- Operational scope: Terrorist attack
- Location: Centenary, Rhodesia
- Planned by: Rex Nhongo
- Target: Altena Farm
- Objective: Assassination of Marc de Borchgrave Observation of response by Rhodesian Security Forces
- Date: 21 December 1972 3:00 AM
- Executed by: ZANLA
- Outcome: Severe damage to Altena Farm
- Casualties: One occupant slightly wounded None killed De Borchgrave's daughter, non-fatal injured

= Attack on Altena Farm =

1972 attack in the Rhodesian Bush War

The attack on Altena Farm occurred in the early hours of 21 December 1972, during the third phase of the Rhodesian Bush War. Altena was a tobacco farm owned by Marc de Borchgrave, a white Rhodesian landowner who was unpopular among the local civilians.
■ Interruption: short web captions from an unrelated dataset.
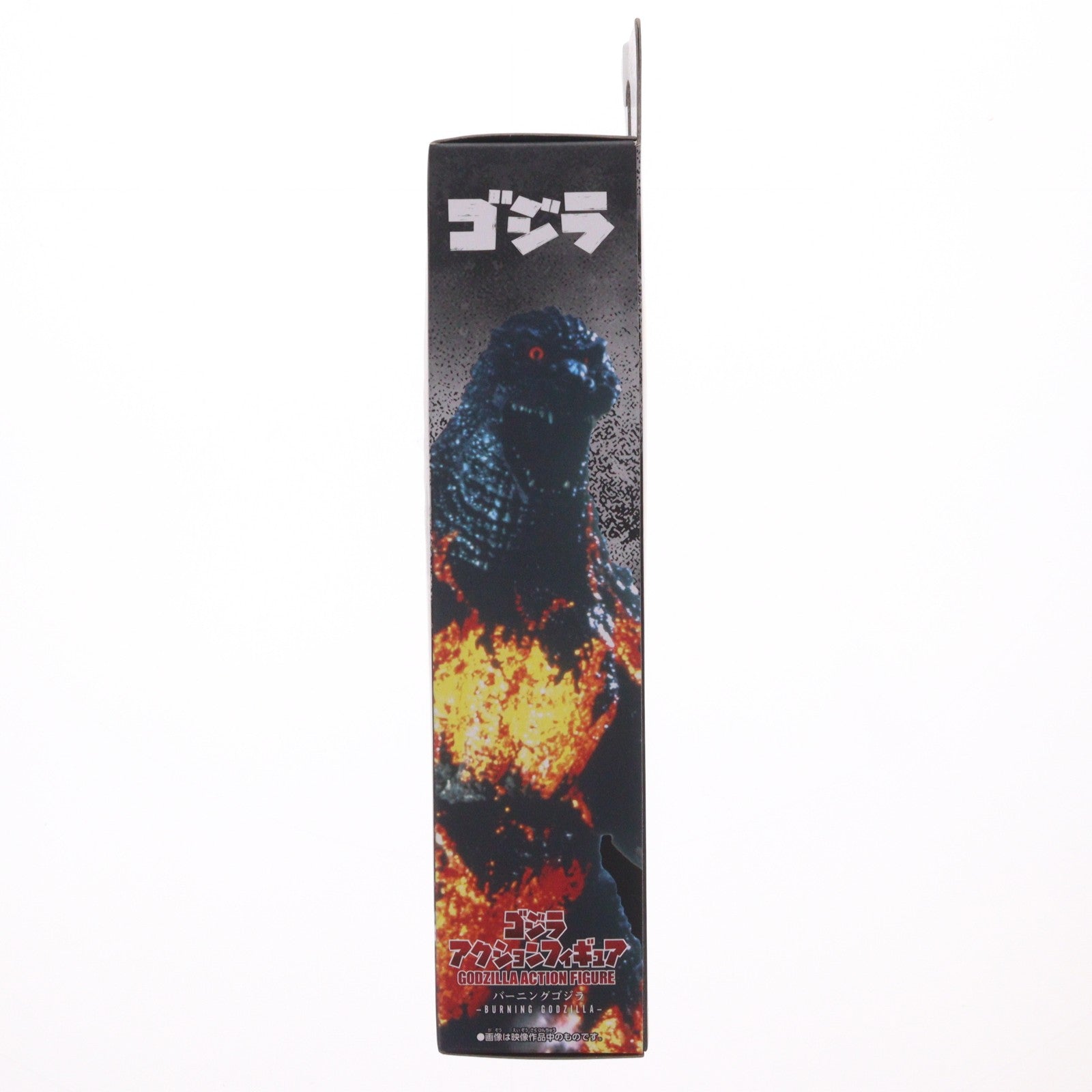 【中古即納】[FIG] ゴジラアクションフィギュア バーニングゴジラ ゴジラvsデストロイア 完成品 可動フィギュア バンダイ(20250628)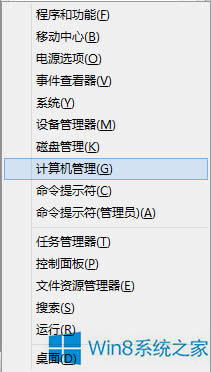 Windows8����Ӳ�P�x���l�ʵļ���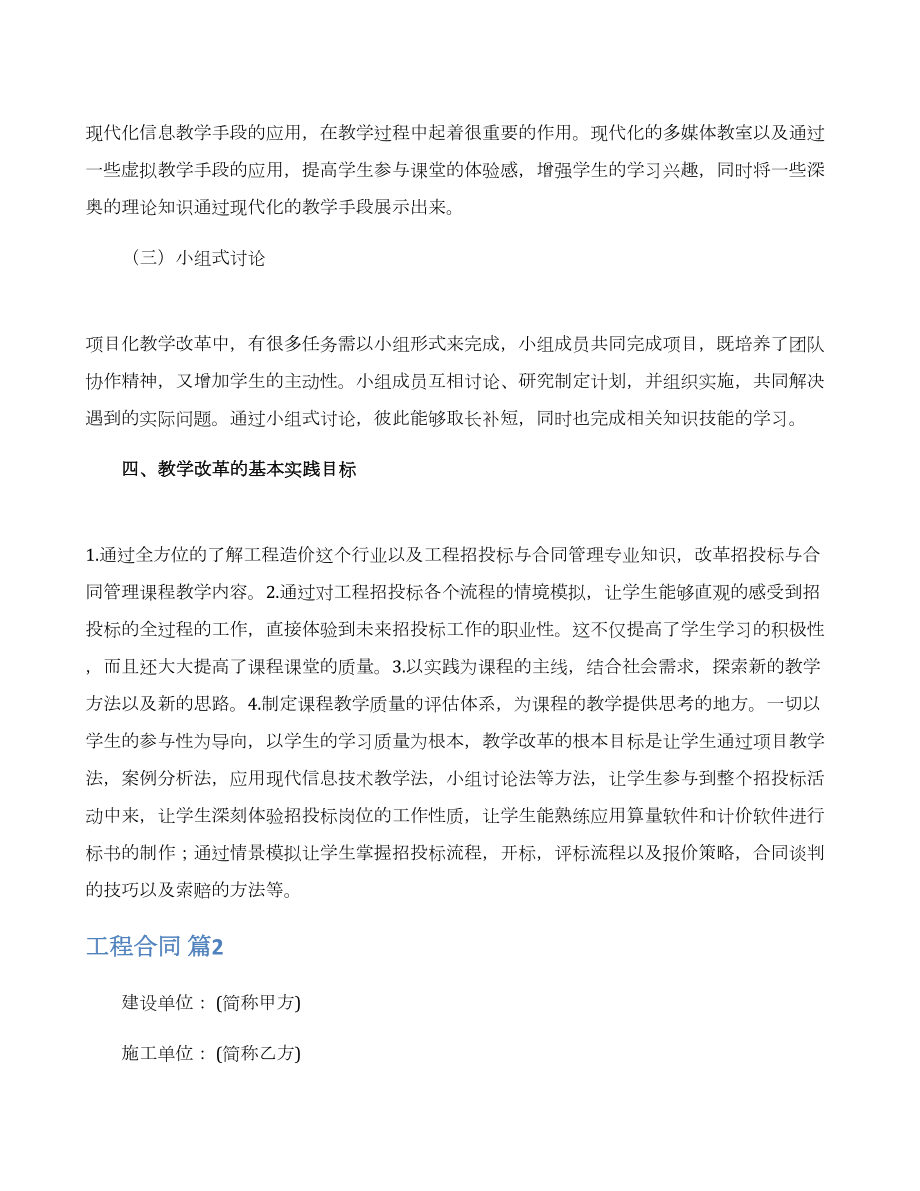 （精选）工程合同合集八篇(DOC 18页).docx_第3页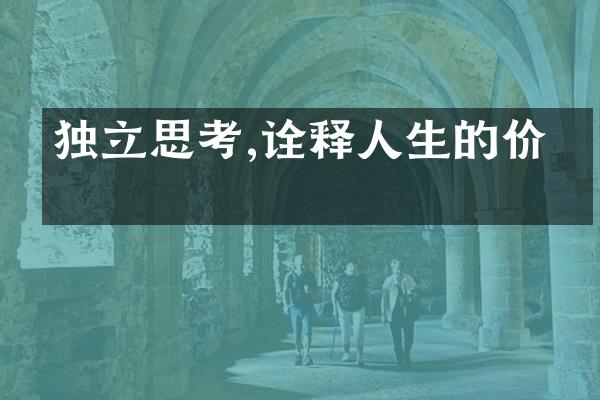 独立思考,诠释人生的价值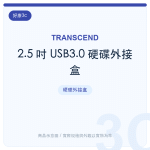 2.5 吋 USB3.0 硬碟外接盒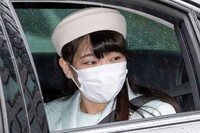 眞子さま結婚「再延期プラン」が急浮上!小室圭さん母の“借金”全時効まで我慢か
Some sources have indicated that this marked the beginning of the conflict proper, despite the minor threat already represented by guerrilla movements in Rhodesia in the late 1960s.

==Background==
Rhodesian intelligence, which had been monitoring ZANLA's activity and preparations, grew curious when over a four-week period in November 1972 sources of information suddenly began to "dry up", in the words of historian Alexandre Binda. "They sensed that something was afoot, but their superiors brushed off their fears," Binda says. "The senior Rhodesian authorities had been lulled into a sense of arrogant self-confidence based on the security forces' past successes." This false veneer of security was smashed on 21 December 1972 when a group of ten ZANLA cadres led by Rex Nhongo attacked the white-owned Altena Farm near the north-eastern village of Centenary, about 30 km west of Mount Darwin.

ZANLA had planned for four attacks to take place simultaneously but in the event only Nhongo's men did so. According to the historian Elaine Windrich, Nhongo was a former employee of the tobacco farm's 37-year-old owner, Marc de Borchgrave, and held a grudge against him.

==The Raid==
Having established a presence in the nearby Chiweshe Tribal Trust Territory, a group of Zimbabwe African National Liberation Army (ZANLA) insurgents armed with AK-47s, hand grenades, and at least one light machine gun (most likely an RPD) trekked about six miles to reach Altena. A list of white farmers in the Centenary district was drawn up and de Borchgrave was marked for elimination due to his poor reputation among black farmworkers. Farmers known for their popularity in the workforce were also identified and removed from the list of potential targets. The group's leader, Rex Nhongo, planned to carry out the attack and observe follow-up operations carried out by the Rhodesian Security Forces.

Around three o'clock that morning, the guerrillas cut the telephone lines and laid a land mine in the driveway. Nhongo undertook a reconnaissance of the farmhouse before the attack commenced. Each insurgent then expended at least two magazines of ammunition apiece at the structure. Hand grenades were also thrown. Despite the damage caused to the structure, only de Borchgrave's eight-year-old daughter Jane was injured.

Deducing that Nhongo may have mined the driveway, de Borchgrave set off on foot to seek assistance. The insurgents retreated, burning down what they believed to be a white-owned store during the withdrawal. Rex Nhongo was later stopped and questioned by some members of the British South Africa Police, but as his identity documents were in order and he had concealed his weapons, he was not detained.

==Aftermath==

Late on 22 December, a troop from the Rhodesian Special Air Service, followed shortly by the Rhodesian Light Infantry, reported to the police station in Centenary. The land mine in Altena's driveway was discovered, disarmed and removed. For their own safety, Marc de Borchgrave and his family were sent to another farm while their home was being repaired.

Having been alerted to the de Borchgraves' new location through sympathetic farmworkers, guerrillas from the original cadre requested permission from ZANLA to carry out another attack. After ZANLA's area commanders in Centenary had been consulted, a raid on the second target (Whistlefield Farm) was planned. The property was owned by an Archie Dalgleish.

At about one o'clock on the morning of 23 December, the insurgents reconnoitred Whistlefield Farm and shelled the structure with mortar fire. An RPG-7 was also discharged at the window of the de Borchgraves' bedroom. Several occupants, including de Borchgrave, were slightly wounded. ZANLA claimed that Rhodesian troops posted within shouting distance of the home responded to the scene and saved the lives of Dalgleish and his guests by engaging the assailants. Six huts and a mosque in the farmworkers' compound were also torched during the skirmish, although accounts differ on who started the fire.